Logarithms are so hard to digest, but thanks for the hint, now i can google up the rest. Carsten Neubauer http://www.c14sw.de
Hi!

When you take IDFT of the log log of the magnitude of the DFT you get the
real cepstrum. If X(k)=|X(k)|e^jphi(k), then log(X(k))=log|X(k)|+jphi(k).
The IDFT of this is the complex cepstrum. I dont think the phase is
important in the pitch detection with the cepstrum since we're looking for
periodic patterns in the magnitude spectrum.

I used the real cepstrum in a pitch detector recently while doing a
project course at school. The resolution is limited by the DFT length, but
the estimate can be improved by using the phase from the DFT bin which has
been found with the cepstrum, and the phase from the same DFT bin in the
previous window. 

Perhaps this is old news... I'm just a student who want to "talk the
talk";)

/ M
		
This message was sent using the Comp.DSP web interface on
www.DSPRelated.com
in article 1116054165.853447.127780@z14g2000cwz.googlegroups.com,
cn@c14sw.de at cn@c14sw.de wrote on 05/14/2005 03:02:

> robert bristow-johnson schrieb: >>> most formulas I've seen go >>> Cepstrum = FFT( Log(Abs(FFT(WindowedSignal)))) >>> or >>> Cepstrum = IFFT( Log(Abs(FFT(WindowedSignal)))), >> >> are you sure about the Abs? > > Perhaps Magnitude is the correct term.
i don't think it belongs there at all, however you name it. i recognize it as the "real cepstrum", but if you're gonna apply them theorems that you see in the back of O&S regarding cepstrum (such as "homomorphic deconvolution of speech" to get the periodic driving function, and thus the period), it looks like to me that you need the "complex cepstrum". being that i never did anything with cepstrum since grad school, i can be wrong about that.
>>> I think the log-stage makes a difference, though I can't remember >>> why.
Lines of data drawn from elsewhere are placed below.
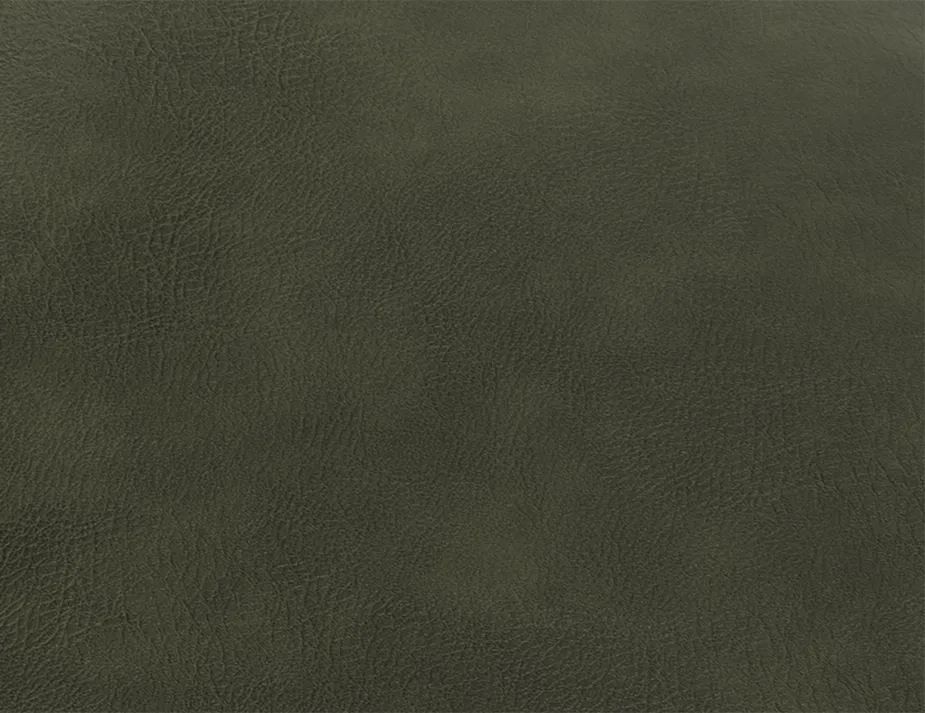 Green Leather Sample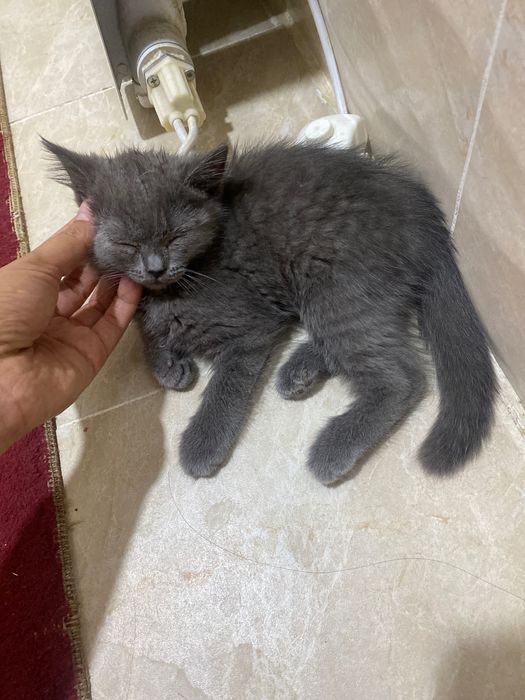 Buvilar porno rasmlar va videolar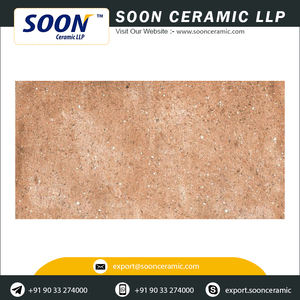 Carreaux muraux extérieurs en porcelaine, 300x600mm, carreaux numériques, Design - Product Image 4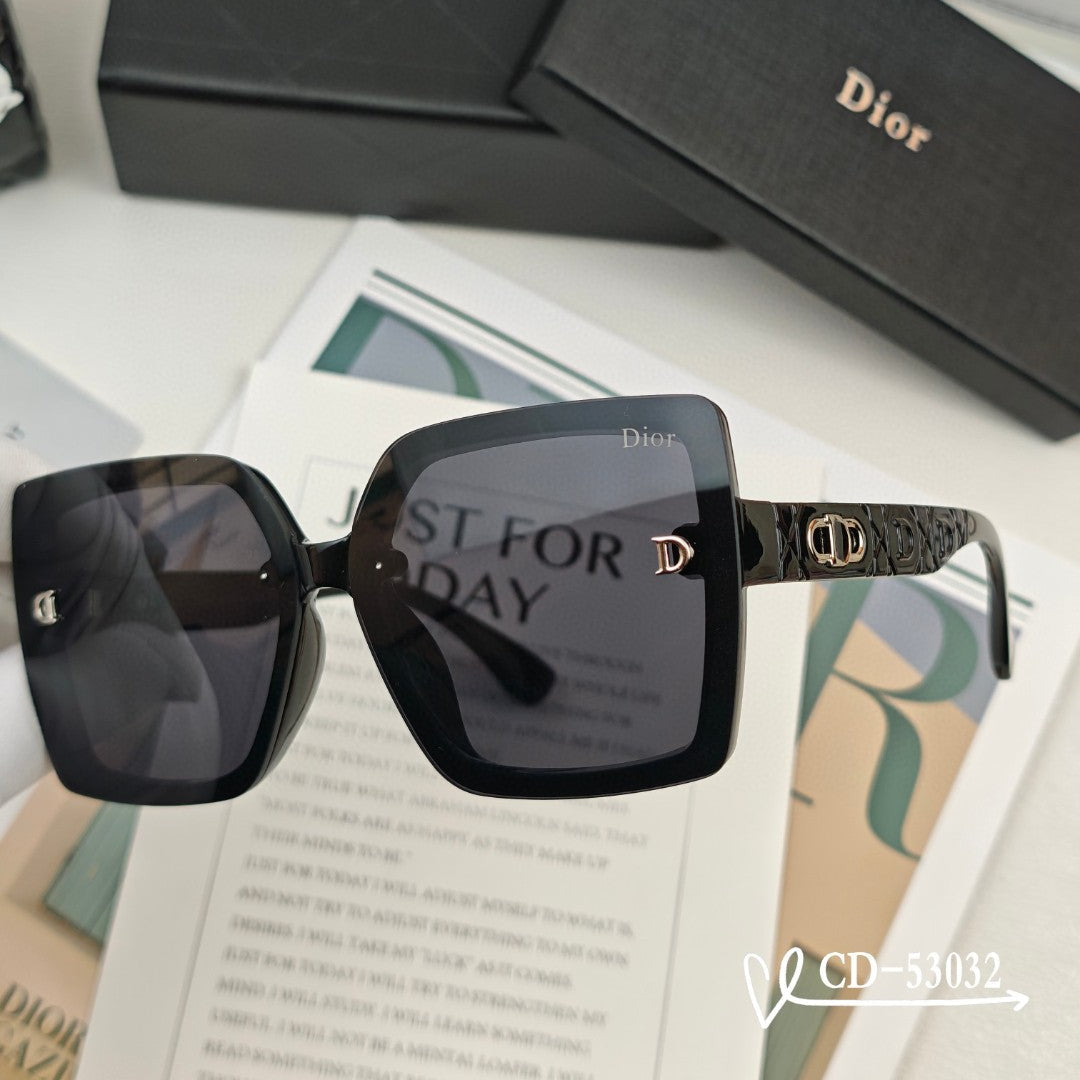 DIOR MONTAIGNE SUNGLASS 53032 IN ACETATE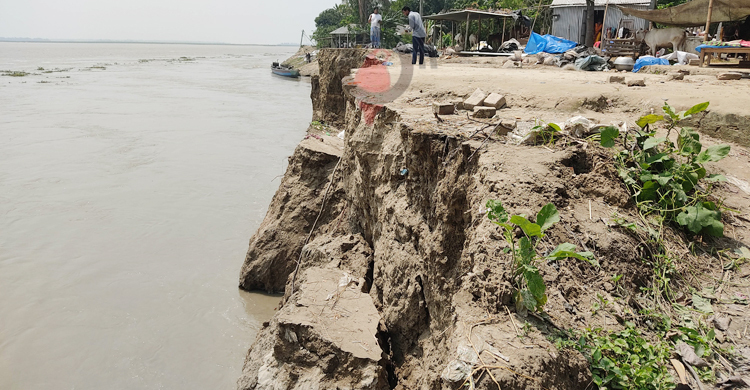 সিরাজগঞ্জে কমেছে যমুনার পানি, বেড়েছে ভাঙন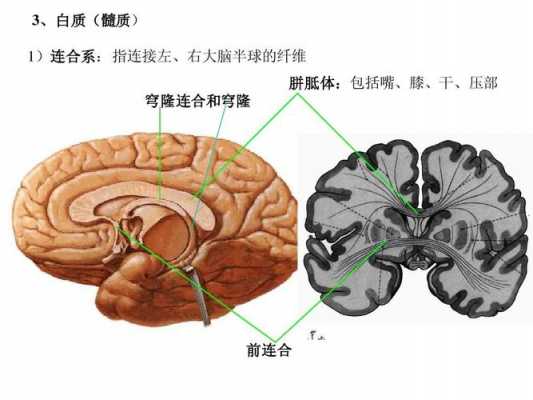 白质前联合交叉是什么（白质前连合图片）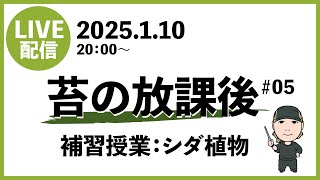 苔の放課後＃05 2025.1.10 補習授業：シダ植物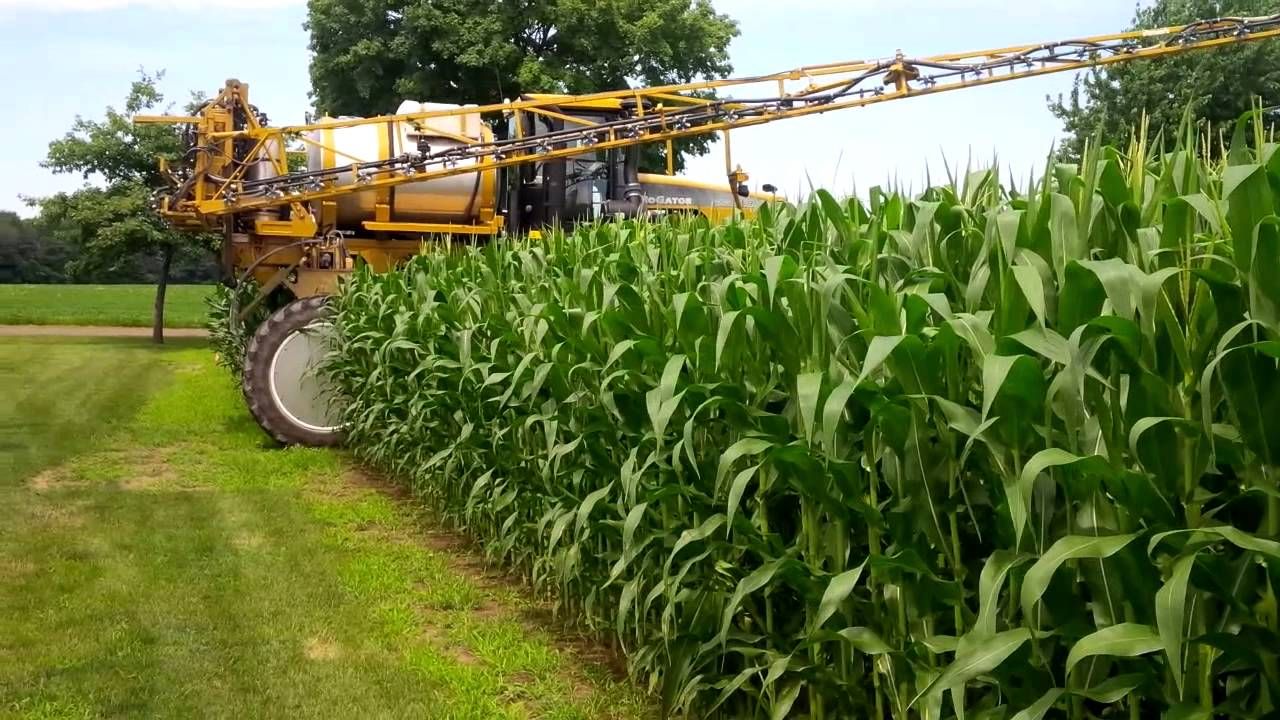 Урожайность силоса. Силосование кукурузы. Кукуруза на силос. Технология возделывания кукурузы на силос. Уборка кукурузы на силос.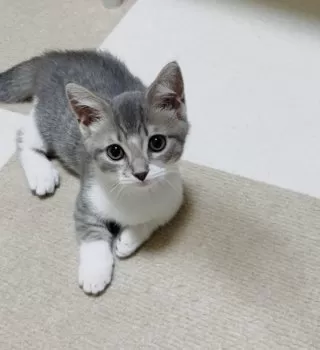 E.H 様のお迎えした子猫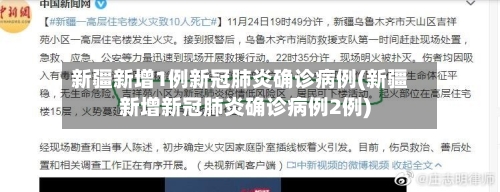 新疆新增1例新冠肺炎确诊病例(新疆新增新冠肺炎确诊病例2例)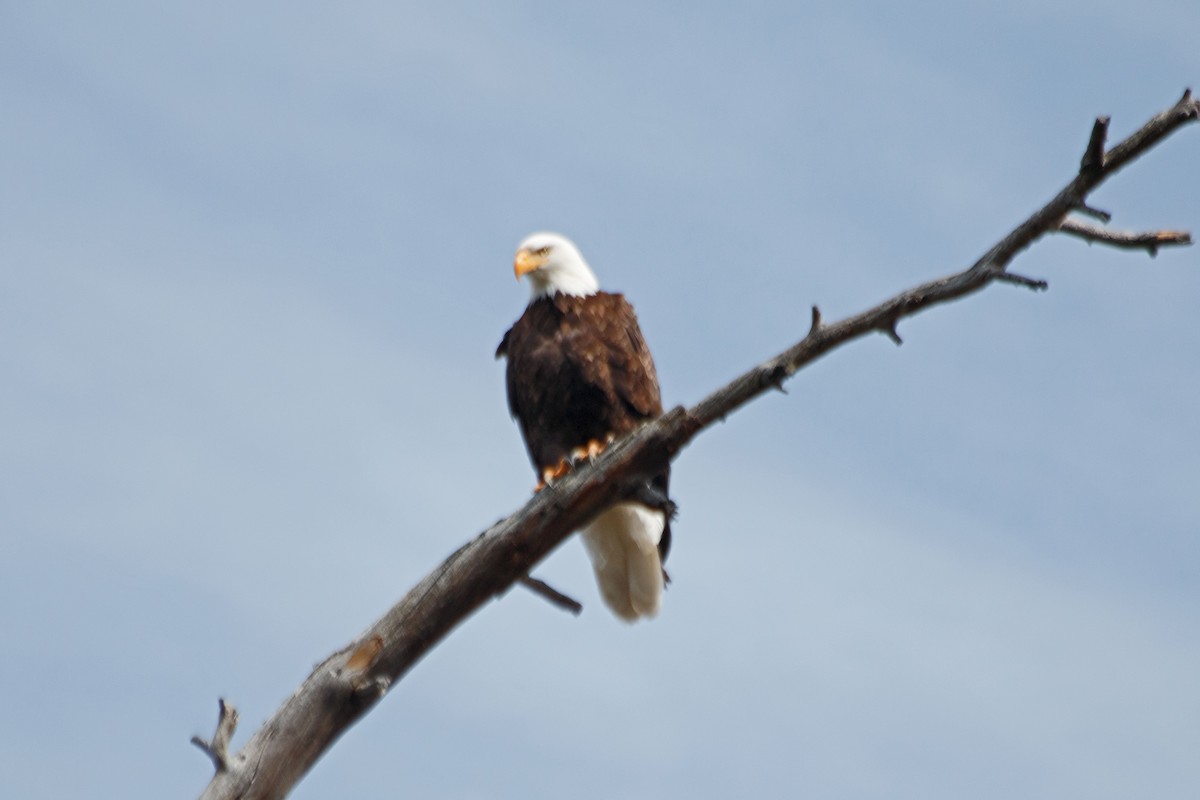 Bald Eagle - ML617329017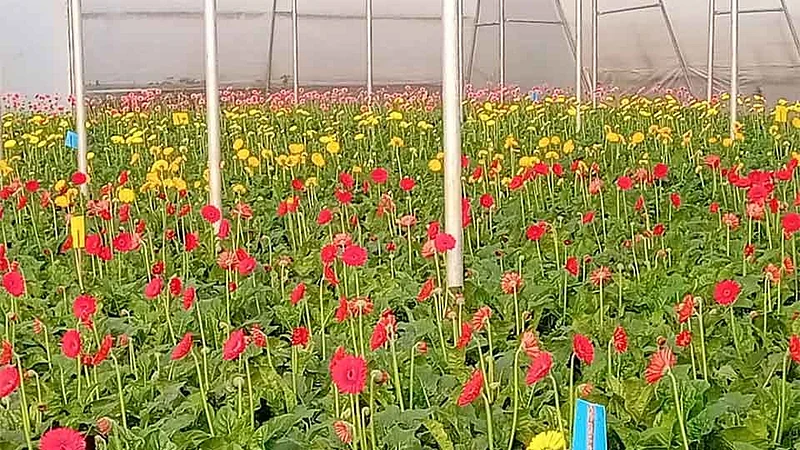 डोंगरकपारीत तरुणाने फुलविली फूलशेती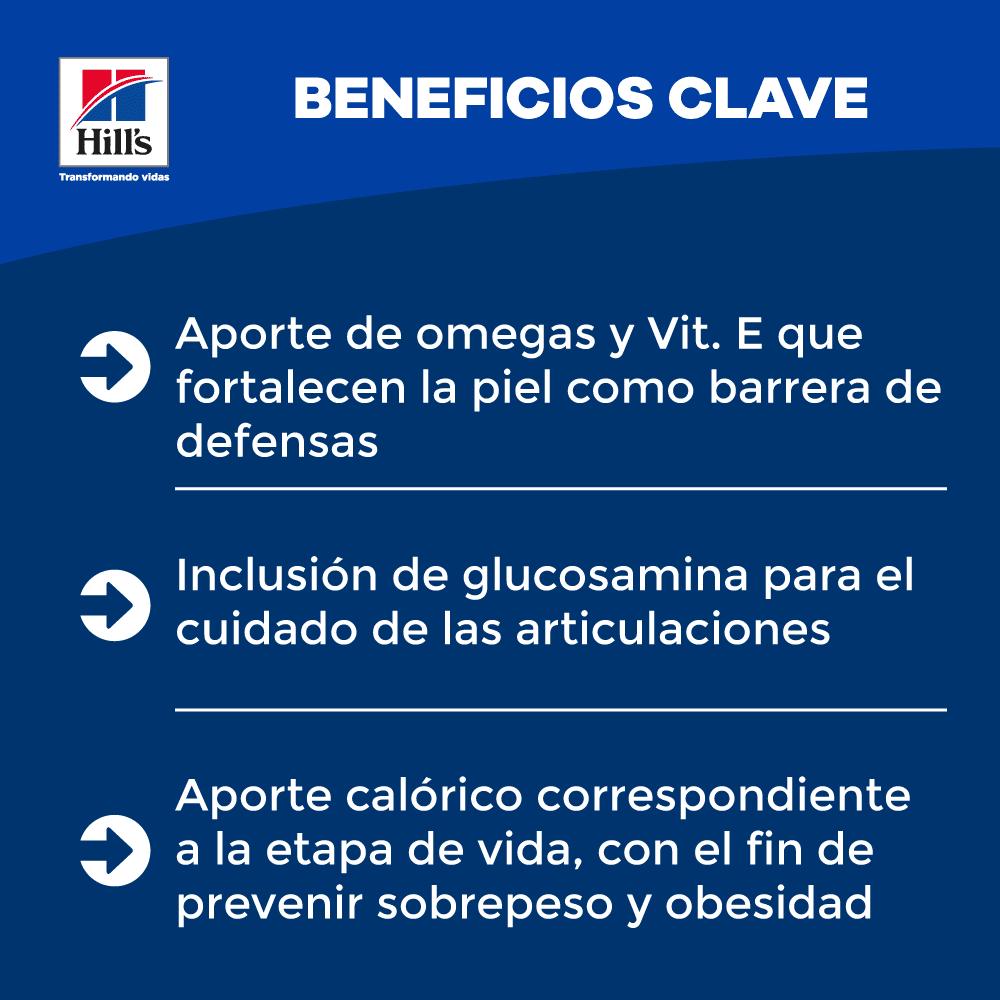 Alimento Para Perro Hill's Adulto Small Paws 1-6 Pollo y Arroz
Does somebody else know? >> >> i can't say exactly what difference it makes, but i thought the idea was to >> change a convolution operation into one of addition. if WindowedSignal is >> the convolution of two sequences, FFT(WindowedSignal) will be the product of >> the FFTs of the two sequences, Log(FFT(WindowedSignal)) will be the sum of >> the Logs of the FFTs of the two sequences, etc. > > Logarithms are so hard to digest,
why? log(A*B) = log(A) + log(B) . big deel.
> but thanks for the hint, > now i can google up the rest.
maybe borrow Oppenheim and Schafer if you don't have it. -- r b-j rbj@audioimagination.com "Imagination is more important than knowledge."
In article <jc-dnQ-Dd59MGhnfRVn-iA@giganews.com>,
smuglr <d.mcgilvray@elec.gla.ac.uk> wrote:
>>I'm currently using auto-correlation to find an estimate or the >>fundamental frequency, and then using phase-unwrapping to get high >>resolution. > >Meant to say Cepstrum, not auto-correlation - oops!
What window width (in time, milliseconds) are you using with respect to the lowest frequency of interest? I assume that you are doing phase unwrapping using successive frames (overlapped or not?), which means you have some historical data with which to try processing larger frames. If latency is an issue, you might be able to use resampling to increase the frame size by less than a factor of 2X. Does your error rate at a given fundamental frequency vary with frame size? Also, are you looking at the magnitude or real part of your real Cepstrum? e.g. Re(ifft(log(mag(fft(x))))) or mag(ifft(log(mag(fft(x))))) IMHO. YMMV. -- Ron Nicholson rhn AT nicholson DOT com http://www.nicholson.com/rhn/ #include <canonical.disclaimer> // only my own opinions, etc.
robert bristow-johnson wrote:
> in article 1116054165.853447.127780@z14g2000cwz.googlegroups.com, > cn@c14sw.de at cn@c14sw.de wrote on 05/14/2005 03:02: > > > robert bristow-johnson schrieb: > >>> most formulas I've seen go > >>> Cepstrum = FFT( Log(Abs(FFT(WindowedSignal)))) > >>> or > >>> Cepstrum = IFFT( Log(Abs(FFT(WindowedSignal)))), > >> > >> are you sure about the Abs? > > > > Perhaps Magnitude is the correct term. > > i don't think it belongs there at all, however you name it. i
recognize it
> as the "real cepstrum", but if you're gonna apply them theorems that
you see
> in the back of O&S regarding cepstrum (such as "homomorphic
deconvolution of
> speech" to get the periodic driving function, and thus the period),
it looks
> like to me that you need the "complex cepstrum". being that i never
did
> anything with cepstrum since grad school, i can be wrong about that.
I don't know much 'bout speech processing but I did look into the cepstrum a couple of years ago. The problem with the complex cepstrum is phase unwrapping. If you can get away by using the real cepstrum, do that.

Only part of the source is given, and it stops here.